Co więcej, smartfon w tym trybie działa niezależnie – można dzwonić, pisać SMS, a na monitorze kontynuować pracę lub przeglądanie stron internetowych.
3. Kalendarz w aplikacji
Powiecie banał! To najprostszy, najbanalniejszy, ale i niezwykle wygodny sposób zarządzania czasem. Możemy w nim utworzyć kilka różnych kalendarzy: prywatny, służbowy, indywidualny lub współdzielony z innymi osobami, oznaczać je kolorystycznie, ustawiać przypomnienia.
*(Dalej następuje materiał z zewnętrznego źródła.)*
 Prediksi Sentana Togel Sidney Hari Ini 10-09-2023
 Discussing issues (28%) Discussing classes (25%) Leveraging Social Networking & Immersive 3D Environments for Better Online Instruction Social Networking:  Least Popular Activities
A gdy pracuje się zespołowo, to pomoże nie tylko przypominajka o własnych planach, ale i informator o tym, co reszta zespołu ma na tapecie. Jesteś w drodze, ale autobus właśnie odjechał? Korzystając z nowej opcji „Spóźnię się” szybko poinformujesz wszystkich uczestników spotkania o poślizgu czasowym.
4. Flipboard
To mega pomoc dla osób, które muszą być na bieżąco z wiadomościami. Apka porządkuje newsy według wybranych kategorii. Wyświetla to, co nas interesuje, a jeśli nie mamy w danym momencie czasu na przeczytanie danego artykułu, można go zapisać, dzięki temu żaden artykuł nam nie umknie. Niestety wciąż nie działa dla polskich serwisów, ale za to te anglojęzyczne ma świetnie opanowane.
5. TED
Każdy szuka czasem inspiracji – nie mówię tylko w kontekście majsterkowania. A jeśli się uczyć, to od najlepszych. Dlatego warto zajrzeć do aplikacji TED. Znajdziecie tam pliki audio i wideo z prezentacji fascynujących ludzi: muzyków, technologicznych geeków czy biznesowych guru. Dostępnych jest ponad 1700 wystąpień, a co tydzień dodawane są nowe. I fajnie, że apka działa także w trybie Continuum – oglądając prezentację na telewizorze jednocześnie możemy odpowiadać na maile.
6. OneNote
Każdy dziennikarz przynajmniej raz w życiu przeżył dwie sytuacje: nie nagrał mu się na dyktafon wywiad i skasował pisany mozolnie tekst. A gdy już to się zdarzyło, to możecie się tylko domyślać, jak bardzo nieliteracki język słychać wokół.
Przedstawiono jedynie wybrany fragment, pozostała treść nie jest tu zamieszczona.